**Exercise objective:** In your copy of the listing below, reproduce each word exactly and include no pictures.

**Dataset extract:**
==============================

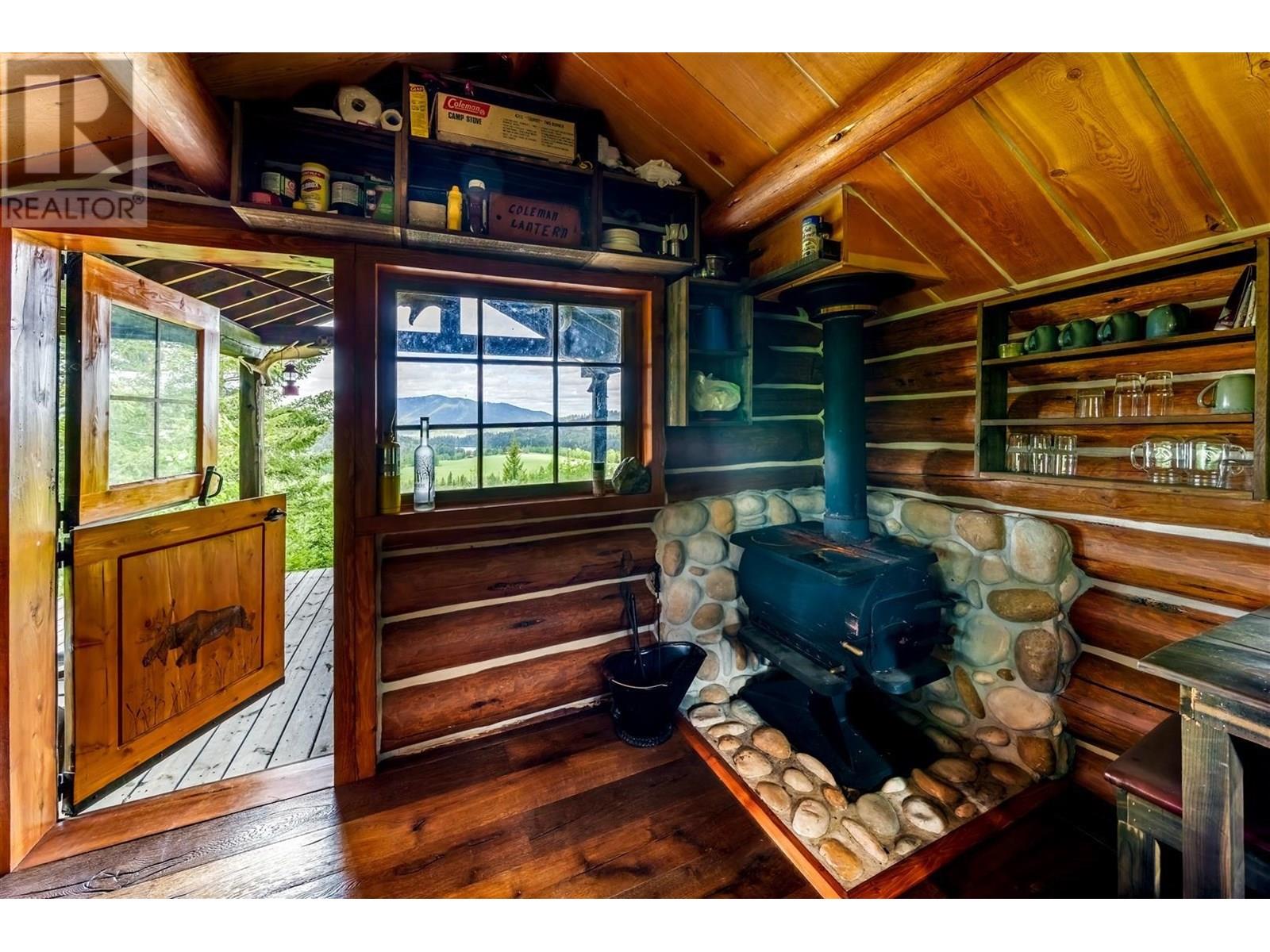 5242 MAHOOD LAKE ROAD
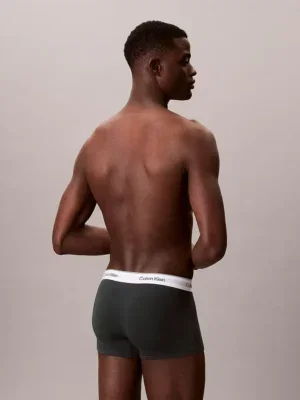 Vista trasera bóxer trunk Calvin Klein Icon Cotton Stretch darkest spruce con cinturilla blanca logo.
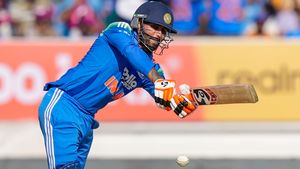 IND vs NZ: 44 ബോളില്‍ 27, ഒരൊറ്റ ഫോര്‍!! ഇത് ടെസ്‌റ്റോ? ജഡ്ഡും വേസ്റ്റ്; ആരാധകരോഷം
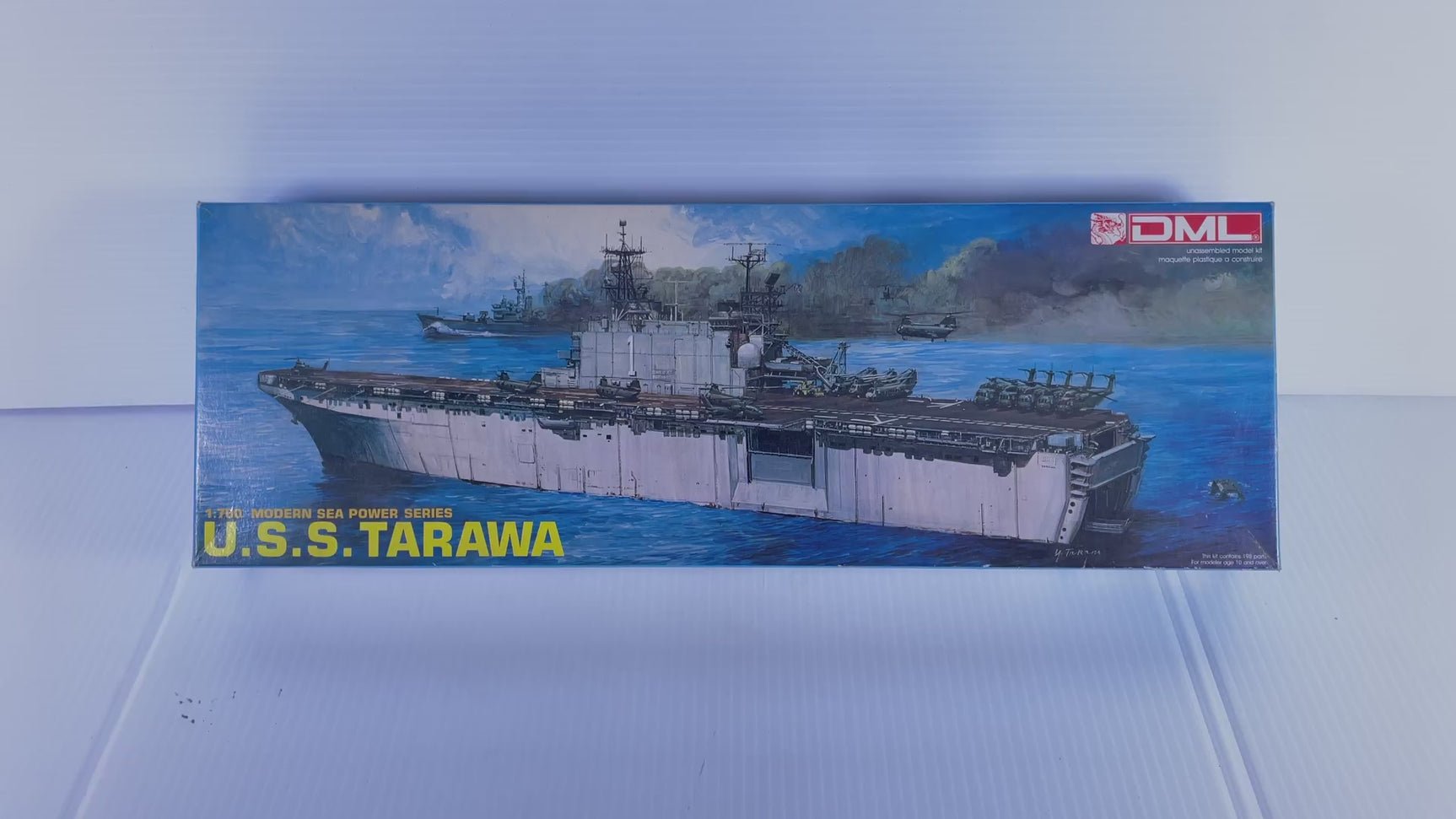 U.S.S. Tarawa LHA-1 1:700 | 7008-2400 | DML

==============================

**Problem solution:**
 5242 MAHOOD LAKE ROAD
 Vista trasera bóxer trunk Calvin Klein Icon Cotton Stretch darkest spruce con cinturilla blanca logo.
 IND vs NZ: 44 ബോളില്‍ 27, ഒരൊറ്റ ഫോര്‍!! ഇത് ടെസ്‌റ്റോ? ജഡ്ഡും വേസ്റ്റ്; ആരാധകരോഷം
 U.S.S. Tarawa LHA-1 1:700 | 7008-2400 | DML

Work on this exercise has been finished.